I have a Fluval 204 though it's not in use at the moment. I think there have been minor modifications to it since they've been on sale, so mine may not be quite the same generation as yours.

When I first got it, it was supplied without an impellor shaft (noisy and not very effective!!! ). Once I got the impellor shaft it was much quieter, though not as quiet as a Hydor/Interpet Prim or an eheim cannister.
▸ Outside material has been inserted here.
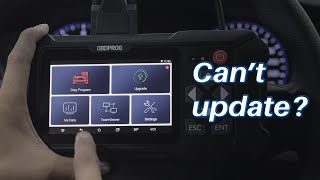 OBDPROG M500 Odometer Correction Tool Cant update  How to fixOBDZON [upl. by Ayak]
One thing it did find was that the non return/auto-stop valves on the bit that connects the hoses to the filter got blocked up quite easily. When they did start to clog the flow rate went down and the noise went right up. I also found the valves to be a right pain to clear. The best way I found to clear them was to try and press the valves in while running them under a fast running tap. Obviously this meant that I had to remove the pipework from the tank first (not something I've ever had to do with hydor/interpet, eheim or Jebo filters ).


----------



## John S (Jan 18, 2005)

dominic ya u got the old one i had that on mine to what a pain in the ..... u know they sell the new ones for like 10 bucks works so much better theres nothing in the way to block the flow


----------



## hoppycalif (Apr 7, 2005)

My 104 is very quiet, but it is only about 3 feet below the tank. You may have air in yours, because mine is very noisy as it purges the air. You can pick it up as it runs and tilt it back and forth to help it purge the air. Watch the outlet hose as you do this and you should see air bubbles going thru.


----------



## raven_wilde (Nov 16, 2005)

Generally my Fluvals do not make any noise once they have been running for a while... I have two 304s and a 204... although, when they are first intially set you'll get that 'washing machine noise' from the air bubbles going through the impeller. It takes a while for it to settle down, especially if you're setting up the filter for the first time and there previously has not been any water in the tubes. Keep everything clean and in top working order and this should not be an issue in the future.


----------



## ShortFin (Jan 13, 2006)

I have a 303 and it always have a humming noise. When I moved the filter, it sometimes would get a whoosing noise. I just keep tilting the filter and put it upright until there is no whoosing noise.


----------



## jude_uc (Feb 7, 2006)

I have a 204. I got it very recently, so I think it's the last 204 generation before the switch to the 05 series. Mine is very quiet and efficent. Also, they fixed the aquastop problems, at least, in the last 2 months, mine has had no blockages. I think you get a lot of bang for your buck with the fluvals.

-Adam


----------



## John N. (Dec 11, 2005)

Arg! So I cut the hoses, now the fluval is 2-3 feet beside and below the tank, checked the impeller, and cleaned the new media... and still have a noisy situation here. Whoosh...whoosh...whooosh...

-John N.


----------



## jude_uc (Feb 7, 2006)

Do you give prime it well and give it time to completely fill with water? There is never really any air in mine when I turn it on. If the noise continues after leaving it on for a while and making sure everything is put together well, I would contact hagen or wherever you bought it. It might be a sign of a defective unit.

-Adam


----------



## John N. (Dec 11, 2005)

Hey Adam, I appreciate the advice, I tried everything from per you guys recommendations. Thanks all by the way.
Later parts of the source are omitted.